Data under study.
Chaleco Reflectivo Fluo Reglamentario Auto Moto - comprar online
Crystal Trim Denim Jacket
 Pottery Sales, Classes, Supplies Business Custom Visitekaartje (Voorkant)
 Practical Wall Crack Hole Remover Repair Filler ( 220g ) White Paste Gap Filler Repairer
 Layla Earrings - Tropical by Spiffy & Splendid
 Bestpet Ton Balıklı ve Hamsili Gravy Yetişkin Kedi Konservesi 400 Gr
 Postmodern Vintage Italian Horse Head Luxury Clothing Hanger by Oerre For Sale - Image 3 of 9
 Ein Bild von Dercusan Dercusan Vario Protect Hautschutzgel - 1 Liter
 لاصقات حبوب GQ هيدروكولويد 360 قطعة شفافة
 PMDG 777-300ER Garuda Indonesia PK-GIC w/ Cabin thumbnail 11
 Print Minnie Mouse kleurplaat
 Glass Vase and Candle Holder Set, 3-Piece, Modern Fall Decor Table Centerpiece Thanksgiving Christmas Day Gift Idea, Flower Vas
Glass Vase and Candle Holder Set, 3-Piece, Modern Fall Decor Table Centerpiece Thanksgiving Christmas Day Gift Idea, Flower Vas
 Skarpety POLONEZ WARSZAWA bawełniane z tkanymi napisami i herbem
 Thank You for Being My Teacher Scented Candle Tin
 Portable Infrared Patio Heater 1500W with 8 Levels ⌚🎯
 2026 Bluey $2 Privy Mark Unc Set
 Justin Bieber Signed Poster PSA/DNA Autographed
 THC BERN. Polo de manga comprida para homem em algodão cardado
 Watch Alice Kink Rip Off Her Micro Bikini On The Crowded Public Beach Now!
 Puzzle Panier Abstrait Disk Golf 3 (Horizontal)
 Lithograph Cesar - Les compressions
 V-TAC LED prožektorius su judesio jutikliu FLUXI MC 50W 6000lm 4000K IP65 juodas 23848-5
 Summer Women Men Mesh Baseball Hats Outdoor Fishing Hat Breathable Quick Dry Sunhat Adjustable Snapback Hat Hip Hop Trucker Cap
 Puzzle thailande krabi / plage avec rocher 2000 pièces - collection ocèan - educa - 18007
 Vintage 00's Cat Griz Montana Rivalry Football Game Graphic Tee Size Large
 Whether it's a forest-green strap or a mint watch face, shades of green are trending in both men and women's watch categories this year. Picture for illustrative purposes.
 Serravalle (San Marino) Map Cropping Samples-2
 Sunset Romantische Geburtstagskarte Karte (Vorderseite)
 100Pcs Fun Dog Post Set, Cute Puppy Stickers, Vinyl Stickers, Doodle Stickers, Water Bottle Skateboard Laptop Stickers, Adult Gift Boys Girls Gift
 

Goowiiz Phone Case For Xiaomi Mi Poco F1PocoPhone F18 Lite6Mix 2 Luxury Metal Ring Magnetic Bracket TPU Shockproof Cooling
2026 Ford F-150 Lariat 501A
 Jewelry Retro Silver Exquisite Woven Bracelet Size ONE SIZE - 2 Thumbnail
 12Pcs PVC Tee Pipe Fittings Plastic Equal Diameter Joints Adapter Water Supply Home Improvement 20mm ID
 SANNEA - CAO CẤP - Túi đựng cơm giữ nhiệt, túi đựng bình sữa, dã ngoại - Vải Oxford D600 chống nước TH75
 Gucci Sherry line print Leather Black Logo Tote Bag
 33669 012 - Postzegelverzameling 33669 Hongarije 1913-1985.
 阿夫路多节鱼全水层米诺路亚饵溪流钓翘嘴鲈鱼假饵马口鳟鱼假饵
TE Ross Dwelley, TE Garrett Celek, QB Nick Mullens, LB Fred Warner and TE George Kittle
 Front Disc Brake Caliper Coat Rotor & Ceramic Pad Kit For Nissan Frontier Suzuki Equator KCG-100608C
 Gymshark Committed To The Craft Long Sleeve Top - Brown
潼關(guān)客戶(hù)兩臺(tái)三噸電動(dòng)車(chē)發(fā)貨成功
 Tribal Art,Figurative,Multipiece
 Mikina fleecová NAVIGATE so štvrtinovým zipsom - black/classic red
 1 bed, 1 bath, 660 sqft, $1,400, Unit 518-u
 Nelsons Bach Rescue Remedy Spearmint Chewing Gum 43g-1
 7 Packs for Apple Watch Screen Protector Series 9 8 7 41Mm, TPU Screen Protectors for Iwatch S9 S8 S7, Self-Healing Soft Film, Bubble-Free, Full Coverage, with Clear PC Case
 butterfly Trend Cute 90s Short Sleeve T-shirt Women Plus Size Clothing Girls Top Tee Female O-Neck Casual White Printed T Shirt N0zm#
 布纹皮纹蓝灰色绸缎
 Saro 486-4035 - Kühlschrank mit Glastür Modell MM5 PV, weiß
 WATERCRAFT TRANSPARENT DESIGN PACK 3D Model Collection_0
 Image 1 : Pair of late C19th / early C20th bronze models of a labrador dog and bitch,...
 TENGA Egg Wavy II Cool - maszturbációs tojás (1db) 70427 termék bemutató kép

What is being asked. Every line from the top of the material above through the line holding "Lithograph Cesar - Les compressions" should be reproduced word for word, and nothing beyond it.

Your response.
Chaleco Reflectivo Fluo Reglamentario Auto Moto - comprar online
Crystal Trim Denim Jacket
 Pottery Sales, Classes, Supplies Business Custom Visitekaartje (Voorkant)
 Practical Wall Crack Hole Remover Repair Filler ( 220g ) White Paste Gap Filler Repairer
 Layla Earrings - Tropical by Spiffy & Splendid
 Bestpet Ton Balıklı ve Hamsili Gravy Yetişkin Kedi Konservesi 400 Gr
 Postmodern Vintage Italian Horse Head Luxury Clothing Hanger by Oerre For Sale - Image 3 of 9
 Ein Bild von Dercusan Dercusan Vario Protect Hautschutzgel - 1 Liter
 لاصقات حبوب GQ هيدروكولويد 360 قطعة شفافة
 PMDG 777-300ER Garuda Indonesia PK-GIC w/ Cabin thumbnail 11
 Print Minnie Mouse kleurplaat
 Glass Vase and Candle Holder Set, 3-Piece, Modern Fall Decor Table Centerpiece Thanksgiving Christmas Day Gift Idea, Flower Vas
Glass Vase and Candle Holder Set, 3-Piece, Modern Fall Decor Table Centerpiece Thanksgiving Christmas Day Gift Idea, Flower Vas
 Skarpety POLONEZ WARSZAWA bawełniane z tkanymi napisami i herbem
 Thank You for Being My Teacher Scented Candle Tin
 Portable Infrared Patio Heater 1500W with 8 Levels ⌚🎯
 2026 Bluey $2 Privy Mark Unc Set
 Justin Bieber Signed Poster PSA/DNA Autographed
 THC BERN. Polo de manga comprida para homem em algodão cardado
 Watch Alice Kink Rip Off Her Micro Bikini On The Crowded Public Beach Now!
 Puzzle Panier Abstrait Disk Golf 3 (Horizontal)
 Lithograph Cesar - Les compressions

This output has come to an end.